→ REQUIRED ACTION
Set each line of the records down again exactly, please.

→ PROVIDED INFORMATION
- - - - - - -

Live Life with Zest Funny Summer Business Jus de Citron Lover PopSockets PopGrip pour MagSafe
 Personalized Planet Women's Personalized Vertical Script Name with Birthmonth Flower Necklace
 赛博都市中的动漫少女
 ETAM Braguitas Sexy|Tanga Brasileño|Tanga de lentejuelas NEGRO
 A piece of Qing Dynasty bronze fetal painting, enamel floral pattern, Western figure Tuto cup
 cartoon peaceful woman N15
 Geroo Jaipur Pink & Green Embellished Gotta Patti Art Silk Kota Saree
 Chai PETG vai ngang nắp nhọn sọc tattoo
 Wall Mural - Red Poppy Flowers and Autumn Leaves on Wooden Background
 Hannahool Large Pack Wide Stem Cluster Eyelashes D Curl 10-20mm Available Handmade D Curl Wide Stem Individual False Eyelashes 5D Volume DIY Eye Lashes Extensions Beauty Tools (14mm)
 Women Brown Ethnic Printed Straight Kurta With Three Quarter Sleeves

- - - - - - -

→ EXERCISE RESULT
Live Life with Zest Funny Summer Business Jus de Citron Lover PopSockets PopGrip pour MagSafe
 Personalized Planet Women's Personalized Vertical Script Name with Birthmonth Flower Necklace
 赛博都市中的动漫少女
 ETAM Braguitas Sexy|Tanga Brasileño|Tanga de lentejuelas NEGRO
 A piece of Qing Dynasty bronze fetal painting, enamel floral pattern, Western figure Tuto cup
 cartoon peaceful woman N15
 Geroo Jaipur Pink & Green Embellished Gotta Patti Art Silk Kota Saree
 Chai PETG vai ngang nắp nhọn sọc tattoo
 Wall Mural - Red Poppy Flowers and Autumn Leaves on Wooden Background
 Hannahool Large Pack Wide Stem Cluster Eyelashes D Curl 10-20mm Available Handmade D Curl Wide Stem Individual False Eyelashes 5D Volume DIY Eye Lashes Extensions Beauty Tools (14mm)
 Women Brown Ethnic Printed Straight Kurta With Three Quarter Sleeves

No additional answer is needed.